Como jogar futebol em alta performance com tanta imprevisibilidade? Sem uma casa para chamar de sua? A relação do time com sua gente recém se reconstruía e tinha muitos degraus a avançar. Jogadores essenciais voltavam de lesão e se preparavam para uma nova tentativa junto a colorados ressabiados. E agora?
O Grêmio cogitava uma janela de meio de ano complementar à do ínicio de 2024 para fazer seu time mais competitivo e ser concorrente forte a todos os títulos em disputa. Porém, depois das imagens aéreas que mostram o gramado da Arena ainda completamente tapado de água suja, é inviável qualquer previsão sensata de retorno dos jogos no seu estádio.
Recebi de uma boa fonte a informação de que talvez seja impossível atuar na Arena até o fim deste ano. O campo apodreceu, não há ainda como medir se o sistema de drenagem foi atingido, as dependências de subsolo do estádio estão completamente impraticáveis e a água sequer começou a baixar de forma contínua no Farrapos.
Os dirigentes foram tão ágeis quanto possível para abrigar elenco no centro de treinamento do Corinthians e firmar acordo com o Coritiba para jogar no Couto Pereira. Só aqui já se percebe o nível da dificuldade. O Grêmio treinará numa capital brasileira e jogará em outra.
Assim como o grande rival, não estará nunca na sua casa, vai tentar firmar alguma raiz em território estranho. Já campeão gaúcho e disposto a se candidatar seriamente na Copa do Brasil e na Libertadores, o Grêmio talvez tenha que usar o dinheiro dos direitos a entrar no meio do ano não para reforçar o time e sim para recuperar o CT e o próprio estádio, ainda que a gestão da Arena não pertença hoje ao Grêmio. Da mesma forma que o Inter, o segundo título da temporada, este simbólico, será permanecer na Série A diante deste contexto.
Juventude
Seria exagero escrever que o clube de Caxias do Sul teve sorte em não perder sua sede para jogar e contar na cidade com um aeroporto que lhe garante deslocamentos com o mínimo de conforto. Não há espaço para a palavra sorte nesta hora em que o Rio Grande vai precisar contar com sua própria gente, acima de tudo, para se reerguer.

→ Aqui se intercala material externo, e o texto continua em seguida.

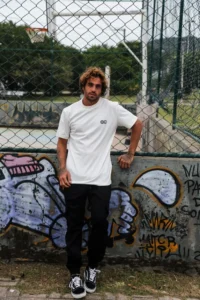 produto-camiseta-pulse-tee-gt-good-times-off-9242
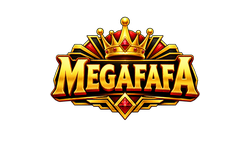 slot online gacor pragmatic play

Porém, diante do que viverão Grêmio e Inter a jogar por aí até Deus sabe quando, o Juventude estará numa condição mais próxima da normalidade. A campanha feita até aqui neste início de Brasileirão sinalizava possibilidade real de escapar de um descenso logo após o acesso.

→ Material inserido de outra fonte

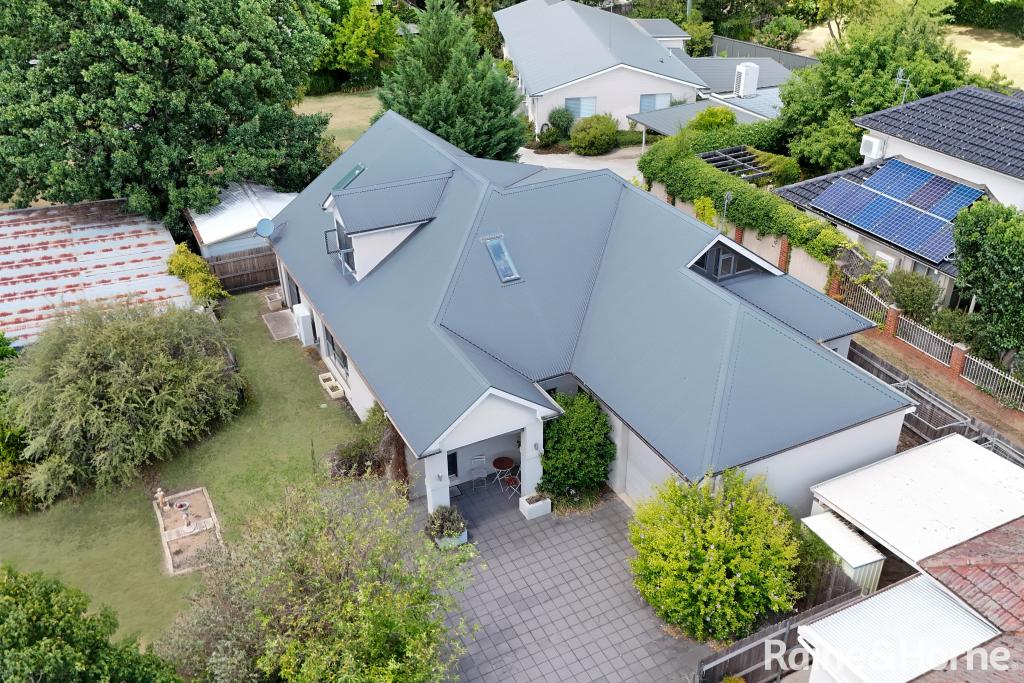 90a Mitre St, Bathurst, NSW 2795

A dose de vida normal para o Juventude, neste caso, é maior comparada aos gigantes da Capital. Roger Machado terá o desafio adicional de enfrentar o Inter na Copa do Brasil. Nada é sequer parecido com a rotina de 10 ou 15 dias atrás. O futebol não escapa da sensação ruim de perplexidade e incerteza que acomete todos os gaúchos e gaúchas nesta hora.